(Caption-style text data)
[Start of section]

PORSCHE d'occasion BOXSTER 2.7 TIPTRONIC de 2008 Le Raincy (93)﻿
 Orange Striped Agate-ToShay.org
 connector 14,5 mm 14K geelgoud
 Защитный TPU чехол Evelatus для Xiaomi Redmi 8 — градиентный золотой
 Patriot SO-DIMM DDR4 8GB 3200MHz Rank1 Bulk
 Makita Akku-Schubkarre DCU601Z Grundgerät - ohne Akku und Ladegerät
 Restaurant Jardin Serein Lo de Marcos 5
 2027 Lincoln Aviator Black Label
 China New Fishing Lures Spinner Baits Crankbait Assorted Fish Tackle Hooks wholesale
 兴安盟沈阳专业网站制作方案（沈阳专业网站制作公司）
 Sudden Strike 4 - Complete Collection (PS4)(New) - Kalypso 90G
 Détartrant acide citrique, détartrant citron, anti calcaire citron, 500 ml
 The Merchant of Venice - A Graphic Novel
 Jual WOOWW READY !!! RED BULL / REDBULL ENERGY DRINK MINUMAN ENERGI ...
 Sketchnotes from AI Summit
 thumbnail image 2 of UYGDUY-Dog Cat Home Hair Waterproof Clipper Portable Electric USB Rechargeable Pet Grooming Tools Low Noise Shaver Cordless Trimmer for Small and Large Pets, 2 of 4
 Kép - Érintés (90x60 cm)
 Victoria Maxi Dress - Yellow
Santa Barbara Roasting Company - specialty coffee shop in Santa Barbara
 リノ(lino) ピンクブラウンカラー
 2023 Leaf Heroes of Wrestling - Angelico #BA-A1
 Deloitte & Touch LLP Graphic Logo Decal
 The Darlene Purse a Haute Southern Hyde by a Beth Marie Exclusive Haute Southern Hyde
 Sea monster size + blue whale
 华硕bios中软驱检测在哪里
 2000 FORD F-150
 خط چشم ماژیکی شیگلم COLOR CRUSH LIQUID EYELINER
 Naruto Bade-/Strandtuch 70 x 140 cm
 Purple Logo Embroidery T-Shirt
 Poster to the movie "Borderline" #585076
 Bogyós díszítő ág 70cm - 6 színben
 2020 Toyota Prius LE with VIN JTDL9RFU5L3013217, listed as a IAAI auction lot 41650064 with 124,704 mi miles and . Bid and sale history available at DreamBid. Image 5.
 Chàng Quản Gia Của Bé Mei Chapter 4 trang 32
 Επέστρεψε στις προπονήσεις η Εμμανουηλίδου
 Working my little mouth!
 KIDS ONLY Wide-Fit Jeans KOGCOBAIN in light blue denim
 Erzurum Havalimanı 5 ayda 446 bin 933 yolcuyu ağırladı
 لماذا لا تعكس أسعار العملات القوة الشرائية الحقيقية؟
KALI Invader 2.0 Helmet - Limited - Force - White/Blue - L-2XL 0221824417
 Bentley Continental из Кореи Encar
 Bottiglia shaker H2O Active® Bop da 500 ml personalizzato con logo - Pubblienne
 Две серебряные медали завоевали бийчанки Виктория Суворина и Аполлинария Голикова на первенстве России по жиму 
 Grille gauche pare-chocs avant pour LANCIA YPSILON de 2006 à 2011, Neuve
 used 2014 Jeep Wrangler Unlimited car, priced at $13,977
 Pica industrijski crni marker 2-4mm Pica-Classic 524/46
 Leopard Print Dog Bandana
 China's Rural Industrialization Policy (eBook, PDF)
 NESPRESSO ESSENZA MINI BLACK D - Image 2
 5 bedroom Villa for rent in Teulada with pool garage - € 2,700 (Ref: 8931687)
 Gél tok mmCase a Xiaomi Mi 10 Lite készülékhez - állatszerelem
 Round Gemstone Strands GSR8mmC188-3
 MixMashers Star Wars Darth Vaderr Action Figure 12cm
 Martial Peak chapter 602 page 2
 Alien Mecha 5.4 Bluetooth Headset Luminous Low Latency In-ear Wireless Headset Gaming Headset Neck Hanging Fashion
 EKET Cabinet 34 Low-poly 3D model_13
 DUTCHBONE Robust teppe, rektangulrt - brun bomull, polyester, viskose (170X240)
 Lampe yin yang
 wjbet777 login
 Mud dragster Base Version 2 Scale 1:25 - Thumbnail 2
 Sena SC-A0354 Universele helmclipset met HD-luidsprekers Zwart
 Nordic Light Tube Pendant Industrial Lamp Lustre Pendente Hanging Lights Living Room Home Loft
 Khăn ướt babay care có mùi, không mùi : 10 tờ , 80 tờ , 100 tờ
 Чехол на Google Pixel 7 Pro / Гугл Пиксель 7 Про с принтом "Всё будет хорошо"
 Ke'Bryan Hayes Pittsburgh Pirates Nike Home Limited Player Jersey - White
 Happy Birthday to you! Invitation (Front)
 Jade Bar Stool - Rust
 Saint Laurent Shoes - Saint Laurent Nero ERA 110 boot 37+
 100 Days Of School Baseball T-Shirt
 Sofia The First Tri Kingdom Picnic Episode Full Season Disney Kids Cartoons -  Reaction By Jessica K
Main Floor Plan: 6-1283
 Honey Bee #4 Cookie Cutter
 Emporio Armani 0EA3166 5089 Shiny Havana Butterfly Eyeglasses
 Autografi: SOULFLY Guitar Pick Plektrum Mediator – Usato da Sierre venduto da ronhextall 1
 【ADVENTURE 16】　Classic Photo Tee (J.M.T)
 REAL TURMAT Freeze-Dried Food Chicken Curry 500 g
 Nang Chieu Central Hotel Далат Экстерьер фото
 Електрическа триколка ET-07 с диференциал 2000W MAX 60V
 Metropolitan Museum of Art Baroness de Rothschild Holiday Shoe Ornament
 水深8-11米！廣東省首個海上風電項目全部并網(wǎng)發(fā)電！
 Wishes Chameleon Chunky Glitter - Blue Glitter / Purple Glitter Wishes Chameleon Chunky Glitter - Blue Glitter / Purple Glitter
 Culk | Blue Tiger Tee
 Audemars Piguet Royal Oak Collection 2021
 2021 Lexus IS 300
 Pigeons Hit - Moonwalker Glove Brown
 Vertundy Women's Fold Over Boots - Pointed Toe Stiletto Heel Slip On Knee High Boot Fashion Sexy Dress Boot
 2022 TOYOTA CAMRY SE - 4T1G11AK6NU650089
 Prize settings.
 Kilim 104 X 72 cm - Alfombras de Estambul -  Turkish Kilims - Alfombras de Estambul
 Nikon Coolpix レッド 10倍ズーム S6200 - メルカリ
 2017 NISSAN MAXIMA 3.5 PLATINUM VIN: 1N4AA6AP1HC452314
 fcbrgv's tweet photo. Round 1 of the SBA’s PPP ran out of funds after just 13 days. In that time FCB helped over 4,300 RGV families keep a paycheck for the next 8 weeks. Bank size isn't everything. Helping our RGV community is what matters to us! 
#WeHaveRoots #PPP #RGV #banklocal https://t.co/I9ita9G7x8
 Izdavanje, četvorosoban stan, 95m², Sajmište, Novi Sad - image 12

[End of section]

# What you have to do
Write down exactly the span of lines above from the one containing "Orange Striped Agate-ToShay.org" to the one containing "Sketchnotes from AI Summit", both ends included.

# Finished task
 Orange Striped Agate-ToShay.org
 connector 14,5 mm 14K geelgoud
 Защитный TPU чехол Evelatus для Xiaomi Redmi 8 — градиентный золотой
 Patriot SO-DIMM DDR4 8GB 3200MHz Rank1 Bulk
 Makita Akku-Schubkarre DCU601Z Grundgerät - ohne Akku und Ladegerät
 Restaurant Jardin Serein Lo de Marcos 5
 2027 Lincoln Aviator Black Label
 China New Fishing Lures Spinner Baits Crankbait Assorted Fish Tackle Hooks wholesale
 兴安盟沈阳专业网站制作方案（沈阳专业网站制作公司）
 Sudden Strike 4 - Complete Collection (PS4)(New) - Kalypso 90G
 Détartrant acide citrique, détartrant citron, anti calcaire citron, 500 ml
 The Merchant of Venice - A Graphic Novel
 Jual WOOWW READY !!! RED BULL / REDBULL ENERGY DRINK MINUMAN ENERGI ...
 Sketchnotes from AI Summit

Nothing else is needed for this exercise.